▼

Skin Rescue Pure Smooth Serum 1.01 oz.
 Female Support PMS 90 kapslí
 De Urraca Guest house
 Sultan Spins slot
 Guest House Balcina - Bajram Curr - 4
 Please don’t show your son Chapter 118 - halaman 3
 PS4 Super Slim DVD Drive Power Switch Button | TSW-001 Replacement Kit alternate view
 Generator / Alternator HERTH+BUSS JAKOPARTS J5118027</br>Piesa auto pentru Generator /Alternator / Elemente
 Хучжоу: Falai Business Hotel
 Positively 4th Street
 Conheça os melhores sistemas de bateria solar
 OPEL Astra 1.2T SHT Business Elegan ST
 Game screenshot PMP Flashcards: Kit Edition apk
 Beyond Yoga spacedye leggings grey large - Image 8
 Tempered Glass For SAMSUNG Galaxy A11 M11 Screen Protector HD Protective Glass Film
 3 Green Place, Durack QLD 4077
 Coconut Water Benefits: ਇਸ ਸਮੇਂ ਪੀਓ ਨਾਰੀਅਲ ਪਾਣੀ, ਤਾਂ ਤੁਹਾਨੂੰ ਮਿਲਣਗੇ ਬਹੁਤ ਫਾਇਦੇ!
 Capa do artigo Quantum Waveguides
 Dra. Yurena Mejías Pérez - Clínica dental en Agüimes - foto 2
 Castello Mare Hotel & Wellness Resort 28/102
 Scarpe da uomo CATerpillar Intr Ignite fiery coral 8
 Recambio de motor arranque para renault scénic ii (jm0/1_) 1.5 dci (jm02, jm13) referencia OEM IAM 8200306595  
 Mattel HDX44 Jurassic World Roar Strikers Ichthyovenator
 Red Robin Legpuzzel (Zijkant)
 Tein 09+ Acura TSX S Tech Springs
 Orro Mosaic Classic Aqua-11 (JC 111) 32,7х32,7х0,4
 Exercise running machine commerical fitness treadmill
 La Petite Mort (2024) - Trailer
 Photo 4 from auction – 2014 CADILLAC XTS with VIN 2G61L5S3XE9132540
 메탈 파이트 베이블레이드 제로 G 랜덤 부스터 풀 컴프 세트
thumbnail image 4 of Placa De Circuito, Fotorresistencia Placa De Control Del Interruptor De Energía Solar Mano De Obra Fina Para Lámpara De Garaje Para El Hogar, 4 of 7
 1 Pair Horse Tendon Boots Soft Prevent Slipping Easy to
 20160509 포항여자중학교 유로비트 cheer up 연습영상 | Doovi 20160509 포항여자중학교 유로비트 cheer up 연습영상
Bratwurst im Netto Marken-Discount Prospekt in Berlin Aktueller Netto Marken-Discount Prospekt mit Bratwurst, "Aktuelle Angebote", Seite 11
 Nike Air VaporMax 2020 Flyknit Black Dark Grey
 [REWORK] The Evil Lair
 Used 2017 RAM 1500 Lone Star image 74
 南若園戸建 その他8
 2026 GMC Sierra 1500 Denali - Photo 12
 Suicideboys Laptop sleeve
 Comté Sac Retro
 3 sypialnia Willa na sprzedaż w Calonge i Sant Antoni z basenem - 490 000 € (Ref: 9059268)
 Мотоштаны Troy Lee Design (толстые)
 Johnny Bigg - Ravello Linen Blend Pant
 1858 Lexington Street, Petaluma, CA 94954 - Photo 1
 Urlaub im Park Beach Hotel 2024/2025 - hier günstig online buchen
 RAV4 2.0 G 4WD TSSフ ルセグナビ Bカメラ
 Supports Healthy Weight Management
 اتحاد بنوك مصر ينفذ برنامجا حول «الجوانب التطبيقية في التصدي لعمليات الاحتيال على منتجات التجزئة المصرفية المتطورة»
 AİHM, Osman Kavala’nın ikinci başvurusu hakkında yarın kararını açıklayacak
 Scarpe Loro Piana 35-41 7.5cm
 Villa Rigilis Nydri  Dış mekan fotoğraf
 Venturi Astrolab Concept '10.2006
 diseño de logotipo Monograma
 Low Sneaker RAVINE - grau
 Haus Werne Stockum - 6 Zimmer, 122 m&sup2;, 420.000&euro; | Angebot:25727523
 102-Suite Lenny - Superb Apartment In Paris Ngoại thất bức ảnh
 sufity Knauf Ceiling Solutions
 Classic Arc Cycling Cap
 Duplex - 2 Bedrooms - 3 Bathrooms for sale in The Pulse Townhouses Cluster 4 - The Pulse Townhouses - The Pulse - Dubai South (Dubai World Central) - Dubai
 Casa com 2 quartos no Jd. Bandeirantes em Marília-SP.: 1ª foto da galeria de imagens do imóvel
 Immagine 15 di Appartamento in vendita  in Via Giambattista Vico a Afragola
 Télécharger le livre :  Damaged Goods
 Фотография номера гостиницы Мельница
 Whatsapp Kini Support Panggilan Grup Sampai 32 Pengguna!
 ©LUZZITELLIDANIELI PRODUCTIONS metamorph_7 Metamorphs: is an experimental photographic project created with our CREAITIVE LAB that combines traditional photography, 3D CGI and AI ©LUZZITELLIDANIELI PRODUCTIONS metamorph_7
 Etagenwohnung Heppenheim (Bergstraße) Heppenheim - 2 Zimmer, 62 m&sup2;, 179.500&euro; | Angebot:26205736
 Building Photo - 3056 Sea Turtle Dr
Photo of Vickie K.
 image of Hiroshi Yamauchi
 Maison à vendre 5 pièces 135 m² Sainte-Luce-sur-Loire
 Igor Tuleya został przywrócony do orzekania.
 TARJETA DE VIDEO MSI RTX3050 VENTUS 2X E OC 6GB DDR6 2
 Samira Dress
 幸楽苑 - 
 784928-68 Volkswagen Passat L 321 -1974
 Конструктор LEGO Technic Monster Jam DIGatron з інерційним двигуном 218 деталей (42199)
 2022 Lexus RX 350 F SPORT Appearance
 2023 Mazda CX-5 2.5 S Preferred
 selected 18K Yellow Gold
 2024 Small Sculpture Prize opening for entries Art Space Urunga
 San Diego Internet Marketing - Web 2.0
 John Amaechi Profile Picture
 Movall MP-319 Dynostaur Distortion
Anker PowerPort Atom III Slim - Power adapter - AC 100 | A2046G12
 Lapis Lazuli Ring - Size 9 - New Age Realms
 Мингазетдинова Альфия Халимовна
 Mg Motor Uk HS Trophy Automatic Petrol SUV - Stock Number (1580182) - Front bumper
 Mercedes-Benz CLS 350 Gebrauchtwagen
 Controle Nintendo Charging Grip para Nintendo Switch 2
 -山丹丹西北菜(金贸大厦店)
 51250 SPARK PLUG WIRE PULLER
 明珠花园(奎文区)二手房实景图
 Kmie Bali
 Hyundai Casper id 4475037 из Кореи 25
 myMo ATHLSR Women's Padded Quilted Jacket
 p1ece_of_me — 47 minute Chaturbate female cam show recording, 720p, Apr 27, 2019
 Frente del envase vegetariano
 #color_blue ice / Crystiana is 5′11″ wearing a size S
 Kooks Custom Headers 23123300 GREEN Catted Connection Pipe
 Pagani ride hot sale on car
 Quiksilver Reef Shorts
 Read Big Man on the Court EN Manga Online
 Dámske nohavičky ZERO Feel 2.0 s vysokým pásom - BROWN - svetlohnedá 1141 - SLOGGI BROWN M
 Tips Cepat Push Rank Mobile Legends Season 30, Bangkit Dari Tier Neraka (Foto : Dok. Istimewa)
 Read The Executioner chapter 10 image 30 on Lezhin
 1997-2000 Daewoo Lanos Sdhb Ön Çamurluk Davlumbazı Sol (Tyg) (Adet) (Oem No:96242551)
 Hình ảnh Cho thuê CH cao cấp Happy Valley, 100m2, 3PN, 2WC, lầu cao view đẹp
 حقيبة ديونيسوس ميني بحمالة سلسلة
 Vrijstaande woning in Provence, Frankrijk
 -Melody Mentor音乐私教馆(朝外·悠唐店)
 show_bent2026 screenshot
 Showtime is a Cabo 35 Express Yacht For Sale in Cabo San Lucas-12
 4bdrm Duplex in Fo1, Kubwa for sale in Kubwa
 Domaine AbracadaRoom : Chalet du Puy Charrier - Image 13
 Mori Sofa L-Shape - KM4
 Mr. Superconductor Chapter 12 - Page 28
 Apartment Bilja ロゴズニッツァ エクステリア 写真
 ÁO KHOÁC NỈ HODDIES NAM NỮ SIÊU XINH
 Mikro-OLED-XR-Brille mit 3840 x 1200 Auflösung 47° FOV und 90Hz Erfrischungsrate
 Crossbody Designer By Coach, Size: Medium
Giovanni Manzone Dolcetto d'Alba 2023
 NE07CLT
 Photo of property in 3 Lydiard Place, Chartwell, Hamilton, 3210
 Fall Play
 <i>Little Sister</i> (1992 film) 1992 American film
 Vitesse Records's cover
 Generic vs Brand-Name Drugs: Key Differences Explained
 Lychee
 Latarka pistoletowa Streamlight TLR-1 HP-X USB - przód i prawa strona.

▲

### Exercise directions
Only the number is required: state how many lines of the entries hold the word "Guest".

### Answer section
2